The following are some of the most common issues that can reduce the ability of search engine spiders to properly index a web site:
Factors that can reduce your search engine
visibility
- HTML Frames
The use of HTML frames is one of the most common problems with poor rankings.
The reasons behind this are simple.
Each frame page is actual made up of several individual HTML pages defined by an additional page called a frameset.
If a page has a stationary header and a stationary menu on the left side with a scrollable content area, the page is typically made up of three visible HTML pages and the frameset page.

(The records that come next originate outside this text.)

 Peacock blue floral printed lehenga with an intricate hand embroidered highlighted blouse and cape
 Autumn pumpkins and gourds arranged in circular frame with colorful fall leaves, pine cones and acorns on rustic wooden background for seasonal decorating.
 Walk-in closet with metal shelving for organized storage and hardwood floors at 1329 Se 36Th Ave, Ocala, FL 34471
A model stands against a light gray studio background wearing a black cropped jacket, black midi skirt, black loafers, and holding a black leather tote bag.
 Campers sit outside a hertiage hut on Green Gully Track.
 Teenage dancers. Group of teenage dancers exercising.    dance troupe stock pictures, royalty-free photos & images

The problem with frames is that this design is confusing to search engine spiders, because they see each inner frame page as a separate web page.
Many individual frames have no outbound links, which therefore create "spider traps" because a search engine algorithm needs links to follow in order to continue to index a site.

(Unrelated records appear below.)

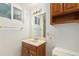 Bathroom with tile floor, toilet, sink, mirror, and wooden storage cabinet at 2743 S Reading Ct, Denver, CO 80231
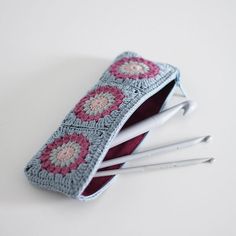 three crocheted pencils and two pens in a pouch on a white surface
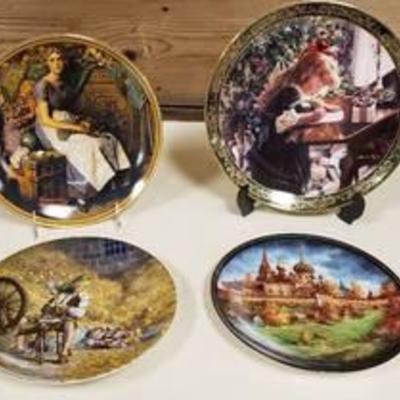 4 Collector Decorator Plates (stands not included) - 1 is Norman Rockwell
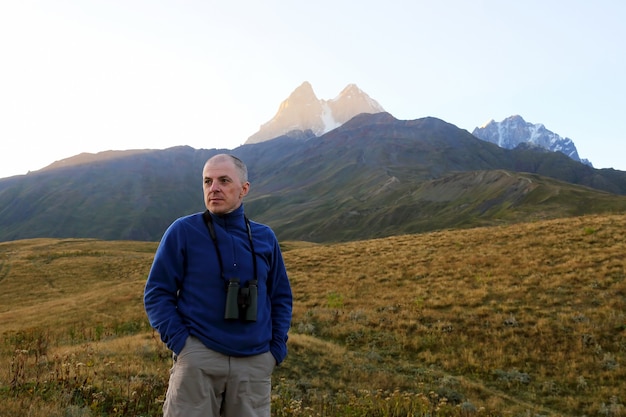 Hiker with binoculars stands on mountains. Svaneti, Georgia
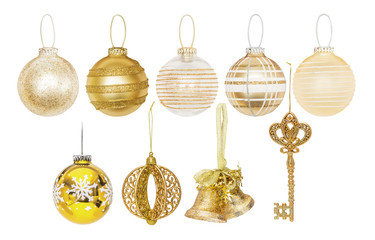 Golden Christmas New Year baubles for Christmas tree, pine, spruce, balls, key, bells isolated on white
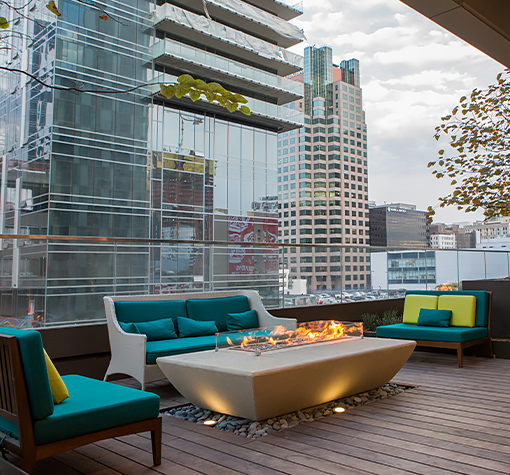 View of a terrace with a big fireplace and some sofas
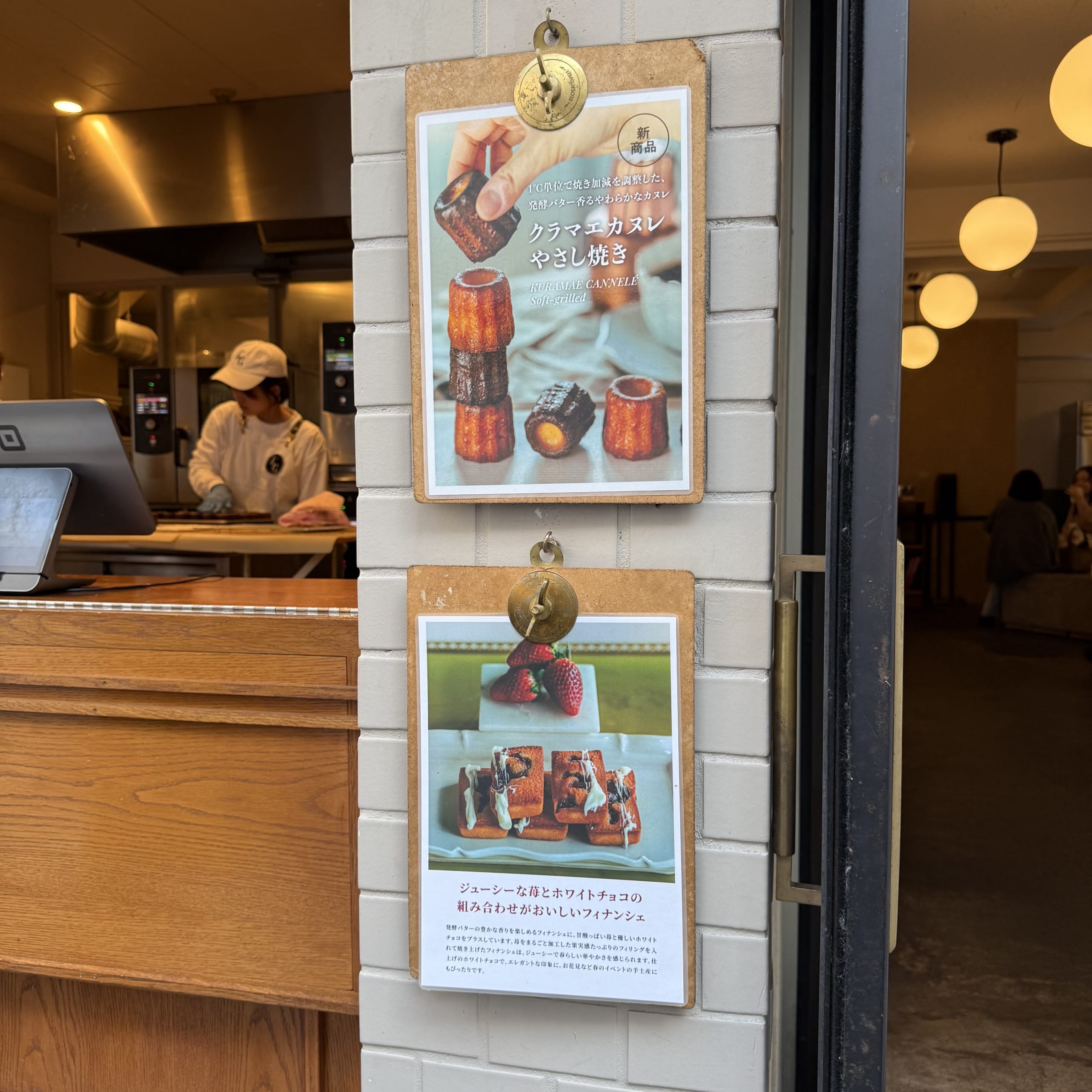 クラマエカヌレの入口。白いレンガ壁のメニューと奥のキッチン、イートイン。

If you confuse or trap a spider, they can just say "Adios" and move over to the next site on their list.
- Content in iframes
iframes, or inline frames, are a newer version of HTML frames.

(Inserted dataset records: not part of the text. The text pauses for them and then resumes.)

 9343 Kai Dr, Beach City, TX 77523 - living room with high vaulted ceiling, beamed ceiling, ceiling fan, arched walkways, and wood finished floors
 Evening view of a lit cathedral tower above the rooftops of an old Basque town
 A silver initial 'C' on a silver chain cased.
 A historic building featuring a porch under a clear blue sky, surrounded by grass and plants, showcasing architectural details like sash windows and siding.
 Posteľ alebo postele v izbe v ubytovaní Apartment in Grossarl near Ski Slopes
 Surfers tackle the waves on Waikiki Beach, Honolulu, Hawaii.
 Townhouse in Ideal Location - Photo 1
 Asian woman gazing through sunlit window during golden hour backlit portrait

An iframe is typically used to display content from another web page within an iframe web page.
Many site owners use iframes to display news or information pages from other web sites.
This is fairly common in the real estate business.
The problem with this approach is that the search engine spiders can easily see that the content displayed is not really part of your site and does in fact originate on another site.
Although users can see the content with their browser, the content does not exist in the web page code that spiders index and dissect.
If you do not place additional content on a page using iframes, you have no content on that page.
- Lack of Informational Content
Search engine algorithms could care less about how your site looks.
They never actually see your web page, but merely work with the underlying web page code.
They primarily crave one thing--content.
Without content, search engines have no keywords or other information necessary to index and rank a Web site.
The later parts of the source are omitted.